Adjuster X

Wild Kingdom

By: | November 3, 2014

This column is based on the experiences of a group of long-time claims adjusters. The situations they describe are real, but the names and key details are kept confidential. Michelle Kerr is the editor of this column and can be reached at [email protected].

One of our clients had a delivery driver involved in a car crash. I happened to be in the area so I was dispatched to the scene. I spoke with an officer after the ambulance left with the driver. The officer checked his notes: “One vehicle accident. Good weather conditions. No skid marks indicating a high rate of speed. Driver says he simply lost control of the van and ran off the road.”

I inspected the van, which had crashed into a copse of trees. The windshield was broken, the front bumper was dented, the headlights were broken, and the grill was damaged.

I checked the back. The storage area of the van was open to the front seats. It was scattered with boxes that looked more bashed up than I would have expected. “What do you make of that?” I asked the officer.

He shrugged. “Got jostled in the crash?”

The boxes were all fairly light. Some of them looked punctured, but I didn’t spot any sharp objects in the back of the van. I noticed the interior paint in the van was scratched up, too. Odd.

Then I spotted a small smear of blood near the back door of the van. Something really wasn’t adding up here.

At the ER, I introduced myself to the injured driver, Kyle Warner, as a nurse checked his wound, which was on the back of his head, behind the right ear.

After a few preliminary questions, I said: “So, Kyle, what exactly caused the accident to the best of your recollection?”

Warner looked down at the floor and said, “I guess I just lost control of the van.”

“That’s a bit strange,” I replied. “It was a straight road. No lights, stop signs, or construction crews around.” Warner glanced at me sideways. “It’s even more baffling how you sustained a laceration on the back right side of your head.”

He looked uncomfortable. “Maybe a box hit me. I don’t know.”

Then I spotted a small smear of blood near the back door of the van. Something really wasn’t adding up here.

I looked intensely at him. “I think you do, Kyle. What did you have that was alive in the back of that van?”

Warner stammered, “I … I don’t know what you mean.”

“C’mon, what was it?” I pressed. “It was something large. Not a dog. It was wounded. My best guess is a white-tailed deer. The hooves would explain the punctured boxes and the scratched paint, not to mention your head wound.”

Warner was staring at me with his mouth open. “You may as well tell me,” I said. “I can easily get a blood sample from the van.”

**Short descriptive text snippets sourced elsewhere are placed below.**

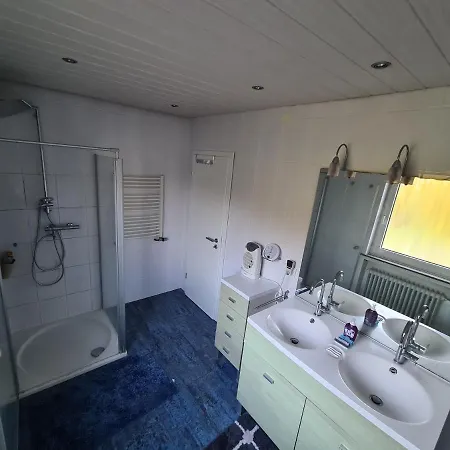 Geraeumiges In Mit Einfacher Ausstattung, Fuer Geschaeftsreisende, Gruppen Oder Familien Geeignet, 4 Schlafzimmer Apartament *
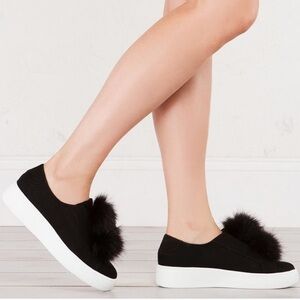 Steve Madden Esmilda Pom Pom Sneakers Black Size 6.5 Slip-On Trainers Puff Balls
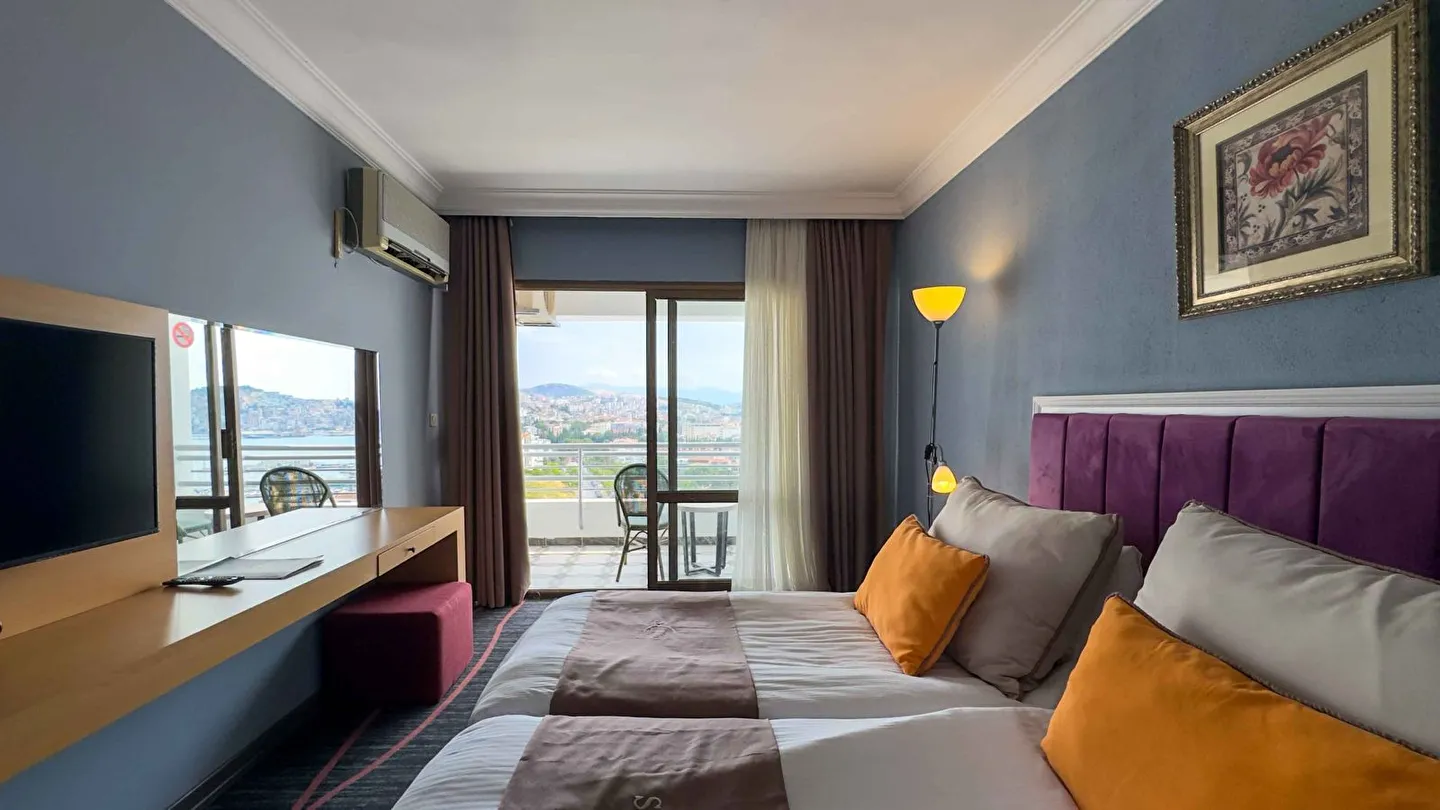 Hotel view 10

“OK,” he said finally, letting out a sigh. “I came across a doe on the side of the road that must’ve been hit by a car. I thought it was dead, so I put it in the van so a friend of mine could butcher it for venison.

“Only it wasn’t dead — it was just stunned. Five or six miles later, it came to and went berserk in the back of the van. Before I could pull over, it hit me in the head with a hoof and knocked me half senseless. That’s when I ran the van off the road. I was able to get out and get around to the back of the van and let the deer out before the police arrived.”

I indicated that picking up a stunned deer was certainly not something in the course and scope of employment of his job as a driver, and that this non-sanctioned action led directly to his injury.

“What’s going to happen with my job?” Warner asked me.

“That’s up to your employer, Kyle,” I replied. “but I wouldn’t be counting on receiving a commendation.”